Strzok was removed by Mueller in the summer of 2017 after the Department of Justice’s inspector general discovered texts between the FBI agent and his mistress FBI attorney Page, showing a strong anti-Trump bias. In one of the texts, Strzok wrote of an “insurance policy” in case Trump won the presidency.
Page, an DOJ attorney, completed her work on the Russia probe in the summer of 2017 prior to Strzok’s removal.
Along with the disclosure that months of Strzok and Page’s texts were missing, Boyd handed over 384 pages of additional text messages between the two exchanged during the 2016 campaign.
In one text dated July 1, 2016, the FBI officials indicated they knew former Secretary of State Hillary Clinton would not be charged with a crime, despite former FBI director James Comey stating the next week at a news conference only he knew the decision, Fox News reported.
Regarding the infamous meeting at the Phoenix airport in late June 2016 between former President Bill Clinton and then-Attorney General Loretta Lynch, Strzok texted, “Timing looks like hell.”
“Yeah, that is awful timing,” Page replied.
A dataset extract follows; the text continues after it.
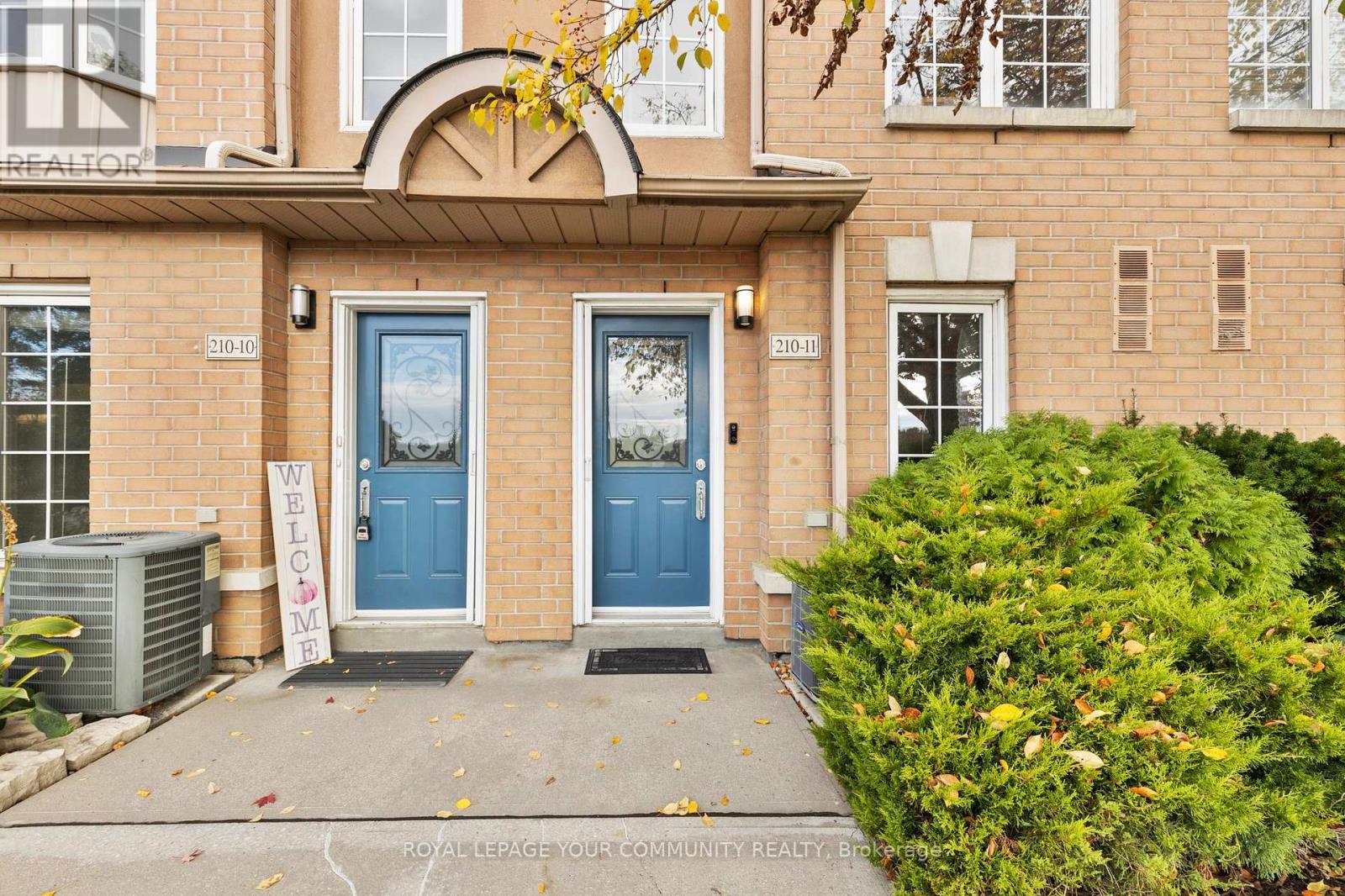 11 - 210 Manitoba Street, Toronto, Ontario  M8Y 4G7 - Photo 2 - W12483412
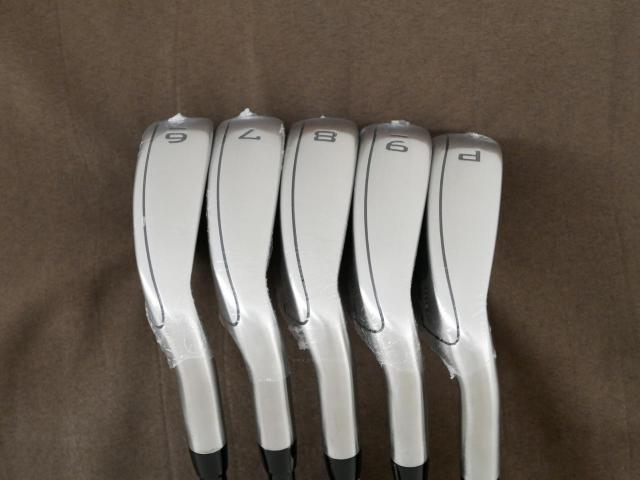 Iron set : Callaway : **ของใหม่ ยังไม่แกะพลาสติก** ชุดเหล็ก Callaway Rogue ST Max (ออกปี 2022 ตีง่าย ไกลมาก) มีเหล็ก 6-Pw (5 ชิ้น) ก้านกราไฟต์ Mitsubishi TENSEI CR 55 Flex R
In a later message, she added, “It’s a real profile in couragw (sic), since she knows no charges will be brought.”
Following news breaking of the meeting, Lynch recused herself from the Clinton investigation, putting it in Comey’s hands to make the call whether to prosecute.
The FBI interviewed Clinton regarding her use of a private, unsecured email server on July 2, 2016, with Strzok among those present. Comey announced four days later despite the former secretary of state’s “extremely careless” handling of classified information, no charges would be brought.
The DOJ also decided not to prosecute former IRS official Lois Lerner in relation to her targeting of conservative groups in the lead up to the 2012 presidential election.
As reported by The Western Journal, Former IRS Commissioner John Koskinen testified before Congress in 2015 that Lerner’s emails during the time period in question had been inadvertently destroyed. Thousands of her emails were later recovered by the Treasury Department’s inspector general.